Accompagnati da Damir (Fedja štukan) − l’interprete locale −, da Katya (Olga Kurylenko) − una collega russa, che è stata l’amante di Mambrù e che è arrivata sul posto per fare una valutazione sulla missione e decidere la possibilità (molto concreta) di annullarla −, e da Nikola (Eldar Residovic), un bambino del luogo che la guerra ha separato dai genitori e che ora vive col nonno nel villaggio adiacente al pozzo, gli operatori umanitari partono sui loro due fuoristrada alla ricerca di una corda, dando vita a una storia ai confini della realtà.
Perfect Day (A Perfect Day, Spagna, 2015, 105’) − del regista spagnolo Fernando León de Aranoa e film rivelazione a Cannes della Quinzaine des Réalisateurs nel 2015 − parla, da una nuova prospettiva, della guerra che − soprattutto a causa di un nazionalismo violento ed esasperato − è esplosa nella penisola balcanica tra il 1991 e il 1995, causando la dissoluzione della Repubblica Socialista Federale di Jugoslavia, che era riuscita a garantire per quasi mezzo secolo a tutti i popoli jugoslavi (comprese le minoranze nazionali) autonomia decisionale e rappresentanza istituzionale. A differenza di altri film apparsi negli anni Novanta del secolo scorso − come Prima della pioggia (1994), Lo sguardo di Ulisse (1995) o Underground (1995) − che affrontavano la tragedia nei Balcani partendo dalle sue origini, Perfect Day, invece, è un tentativo di raccontare − con ironia e, per quanto possibile, con leggerezza − la guerra partendo dalla fine, dal disordine fisico e morale che il conflitto porta con sé, dalle macerie e dalle ferite ancora aperte.
Al centro del film, in prima battuta e come conferma l’uso frequente del medio piano nelle inquadrature, ci sono i componenti della spedizione umanitaria: Mambrù, un portoricano stanco della guerra, che − pur credendo nell’importanza della missione − non vede l’ora di tornare a casa dalla sua compagna, ma ha ancora delle questioni da risolvere con Katya, che non gli perdona di averla lasciata; B, americano, anticonformista, un uomo che i lunghi anni di guerra hanno reso solo e quasi del tutto privo di freni inibitori; Sophie, francese, giovane e idealista, insofferente alle procedure e alle decisioni − ai suoi occhi irrazionali e indifferenti al benessere della popolazione locale − prese dal comando ONU presente nella regione; Katya, una donna bella e orgogliosa, che, nonostante la fine della loro relazione, è ancora attratta da Mambrù e che, forse, è tornata nei Balcani proprio per incontrarlo.
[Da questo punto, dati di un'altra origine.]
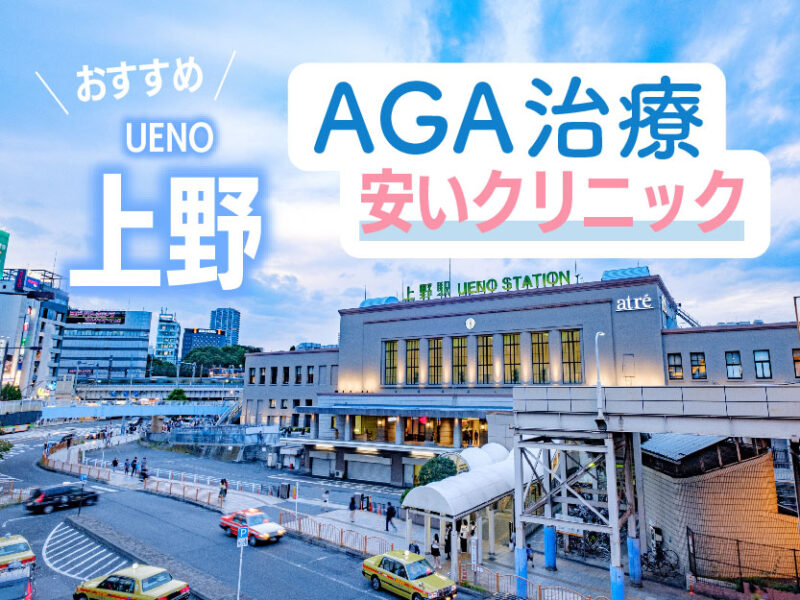 上野AGA安いクリニックおすすめ
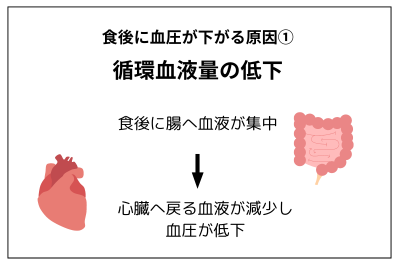 循環血液量の低下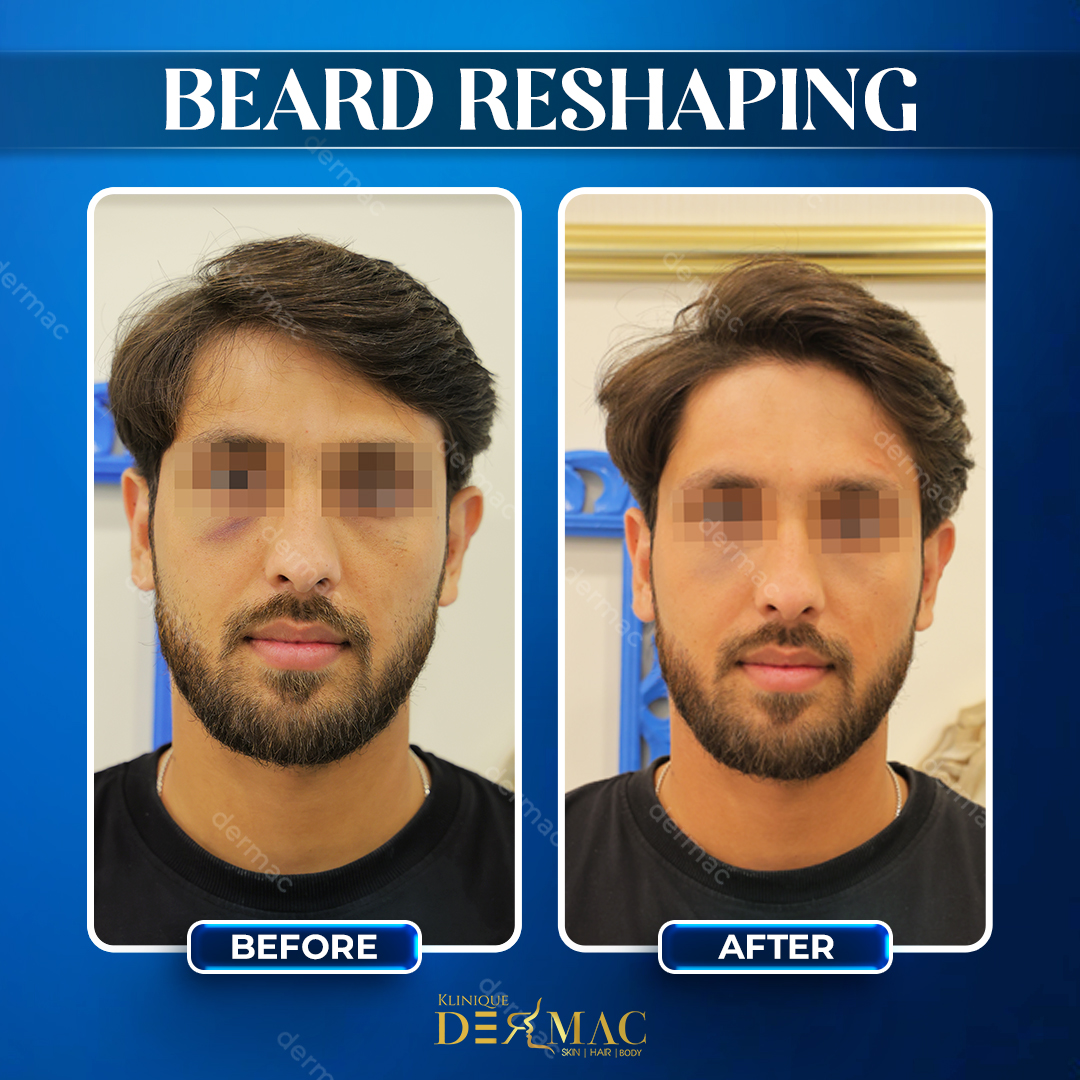 Beard Reshaping Post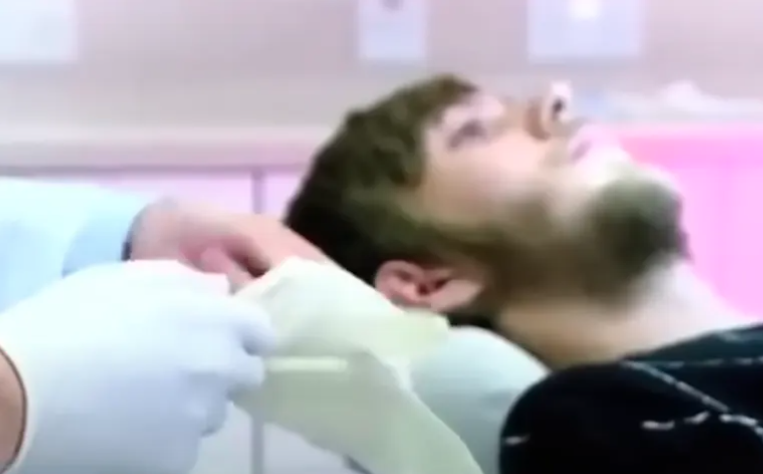 (VIDEO) NIJE ZA ONE SA SLABIM STOMAKOM Pogledajte kako izgleda "osmijeh" čovjeka koji nije prao zube 20 godina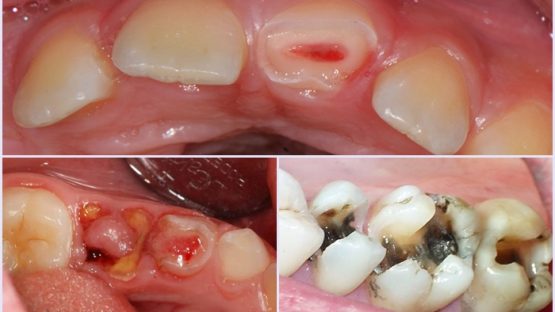 Nhổ chân răng có ảnh hưởng gì tới cấu trúc hàm không, có đau không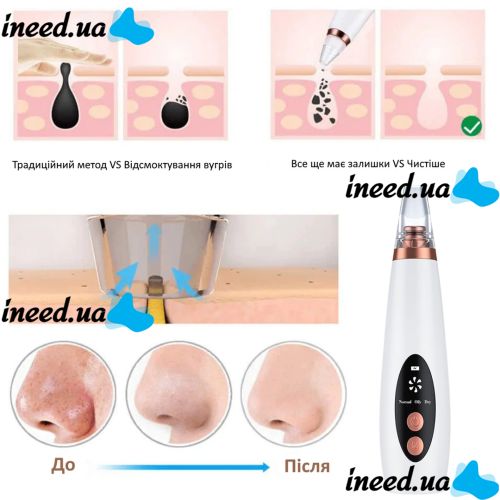 Вакуумный очиститель пор для чистки кожи лица Multi-Functional Cleaning MF-64, вакуумный аппарат-очиститель, аппарат от черных точек, лифтинг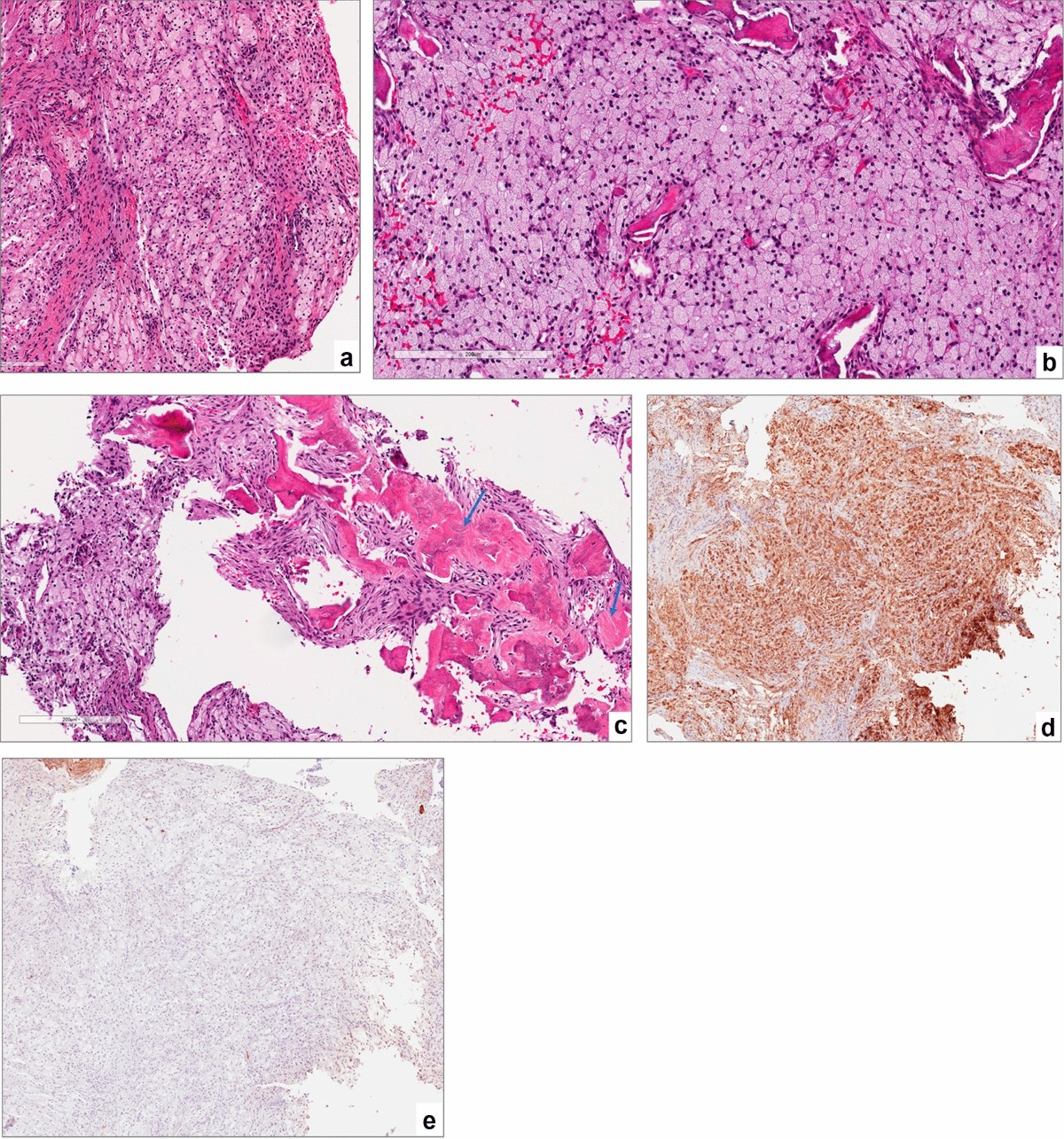 Xanthoma of the Jaw Bones: Cases Series and Review of Literature | Head and  Neck Pathology, image size:1200x1285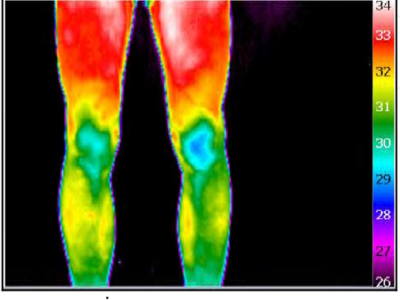 How is Infrared Thermal Imaging Technology Applied in the Field of Sports Rehabilitation?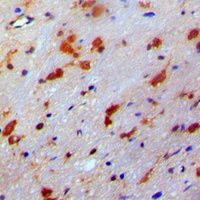 PDRG1 Rabbit Polyclonal Antibody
C’è, poi, Damir, un interprete molto particolare, ironico come tutti gli abitanti del luogo, dove, come ama dire con profonda soddisfazione, «i bambini nascono ridendo, non piangendo». E infine c’è Nikola, che sta cercando, ricorrendo a piccoli espedienti, di mettere insieme il denaro necessario per il viaggio alla ricerca dei suoi genitori.
Tuttavia i diversi personaggi non sono mai scrutati dal regista con sguardo introspettivo, ma sembrano in realtà essere lo sfondo, il “paesaggio umano”, dietro il quale si staglia il vero protagonista del film: la terra dilaniata dalla guerra − ferita, impoverita, disseminata di morti e di mine ancora mortali −. Servendosi di dialoghi brillanti, di battute ironiche e piene di doppi sensi, e della colonna sonora firmata da Arnau Bataller (con pezzi degli X e dei Velvet Underground), Aranoa guida lo spettatore lungo vie sterrate e difficilmente accessibili − inquadrate spesso dall’alto, da una prospettiva a volo d’uccello −; lo conduce tra città fantasma, martoriate, dove ancora fresco è l’odore della morte; lo induce ad osservare i volti e gli atteggiamenti delle persone che popolano il territorio − annichilite dalla violenza, concentrate sul presente e sulla loro sopravvivenza −, e lo invita a cogliere tutta l’insensatezza della guerra.
Come in Prima della pioggia anche qui, alla fine, la pioggia arriva davvero, ma − mentre nel film di Manchewski essa veniva ad indicare l’inveramento delle paure più profonde − qui, invece, la pioggia arriva per lavare via tutto, e ridare una nuova speranza per la costruzione di un ordine e di un senso nuovi.